Following Sometimes Steffi's advice from the intro. forum:
I've had a shoe fetish for as long as I can remember. In my early teens, this progressed to trying on women's shoes (mostly the mothers of my friends, as mine didn't go for heels). This persisted for a few years, until none of them fit any longer. It turned into a desire to have girl friends dress in heels, and for several years buying them for them (once, I remember, being very put out when a shop assistant insisted that they looked too small for me, as I'd told her several times that they were for my gf).
About 11 years ago, I realised I still wanted to wear them myself again, and started buying pairs online. It took several attempts to get a decent fit, and of course I started off way too high. Initially, it was for the thrill, but quickly, it turned into a challenge to learn to walk properly in them. It wasn't long before just putting a pair on made me feel infinitely more relaxed, and I'd start wearing them about the house for day to day chores, and when working from home without a second thought. With high-heeled sandals came the need for polish, and very quickly the need for skirts rather than trousers to wear them with.
Within three years or so of starting to wear heels, I was getting dressed up just to feel relaxed, with no thought to sexual thrills. And, a bit further along, that's where I am today - I paint my nails (toes red, fingers usually only clear matte in public), shave my legs, wear heels, skirts and leggings behind closed doors at every opportunity (I always travel with a few pairs of shoes, skirts, panties and stockings). I've started thinking about dresses, but no real desire to attempt makeup or wigs yet, or to try to pass. I think if I did, I would look rather like Eddie Izzard (i.e. not that convincing); in my more courageous moments I expect that one day I will dress more or less regularly at least up to the waist and fingers, with a style that sort of works, but I'll be very obviously a man, though I'd walk with a woman's gait and be as careful with my nails as they are.

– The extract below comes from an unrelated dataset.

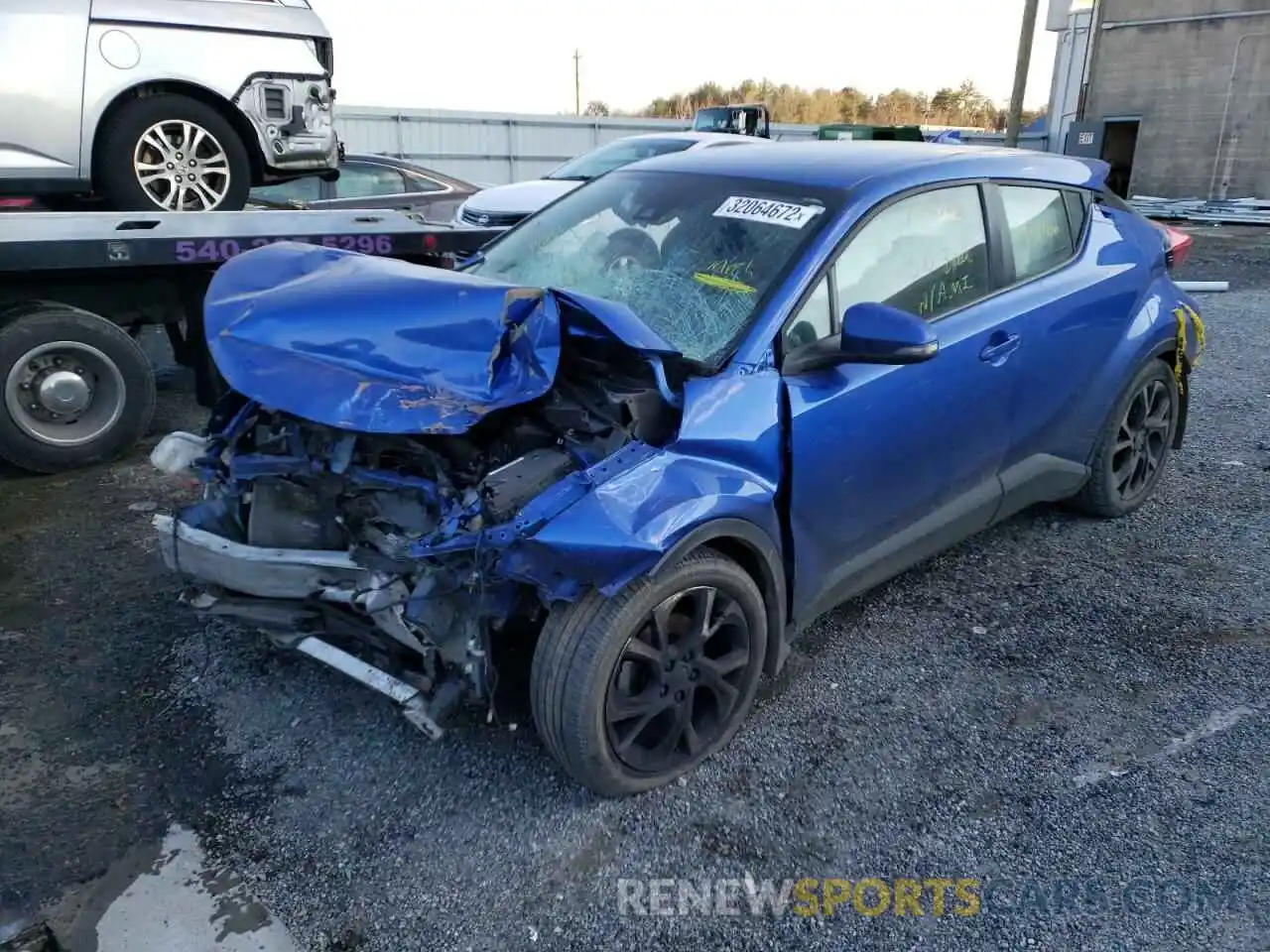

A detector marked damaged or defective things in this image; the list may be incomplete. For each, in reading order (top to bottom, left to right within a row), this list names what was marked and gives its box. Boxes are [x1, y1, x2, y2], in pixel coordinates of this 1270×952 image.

Internally, the more I've dressed, the less masculine I've felt; taking online tests and assessments these days I score anywhere from Androgynous to M2F in-transition, but never more M than F. This is much more gender fluid than I used to expect to feel (for some years, I thought I would just be a man in a dress- now, I think I'm more likely to be "me in a a dress and heels" for values of "me" well toward the middle-right of the M2F spectrum).
Anyway, that's a lot of background for a simple question. Did anyone else start with shoes, or anything else in particular, or was it always simply "I want to dress like a woman"?